# Three Short Keyboard Works



## Jerry Gerber (Apr 25, 2020)

These pieces appear on my album _*Earth Music.

*_Thanks for listening!

*PLAY*


----------



## Dimace (Oct 19, 2018)

Not a bad effort. A mix of J.S Bach and Gershwin. In your scores, as I noticed, there are not dynamic symbols / instructions, the same way Bach is doing. At Bach's time was meaningless to use them, because their instruments couldn't produce them. Nowadays I believe we must include them to help the performer and to show him/her how we want the score to be played. The way you have played your works is clean and crispy BUT somehow flat (or mechanical) Think of some pedal for your music, write it down and perform it without conservations. Let the music sound and breath. In our days is VERY important to have people like you, who they can compose some decent music. Your music IS decent and can be, with small alterations, very good. Keep going my friend.


----------



## Jerry Gerber (Apr 25, 2020)

Dimace said:


> Not a bad effort. A mix of J.S Bach and Gershwin. In your scores, as I noticed, there are not dynamic symbols / instructions, the same way Bach is doing. At Bach's time was meaningless to use them, because their instruments couldn't produce them. Nowadays I believe we must include them to help the performer and to show him/her how we want the score to be played. The way you have played your works is clean and crispy BUT somehow flat (or mechanical) Think of some pedal for your music, write it down and perform it without conservations. Let the music sound and breath. In our days is VERY important to have people like you, who they can compose some decent music. Your music IS decent and can be, with small alterations, very good. Keep going my friend.

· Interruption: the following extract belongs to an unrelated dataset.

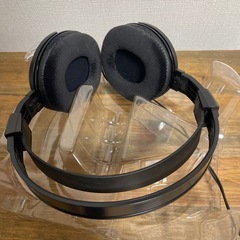 大幅値下げ！Audio-technica ATH - AVA300の画像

Not sure that you realize that this is an electronic work. It's not a piano, the music was programmed via MIDI commands, nobody "played" the music.The instrument is a physical modeling software program that works under a digital audio workstation (DAW). There is no performer and the piece is not written as though there is. If you're interested, please read https://www.jerrygerber.com/markings.htm to understand why I notate without markings for players.

Thank you for taking the time to listen. Much appreciated.


----------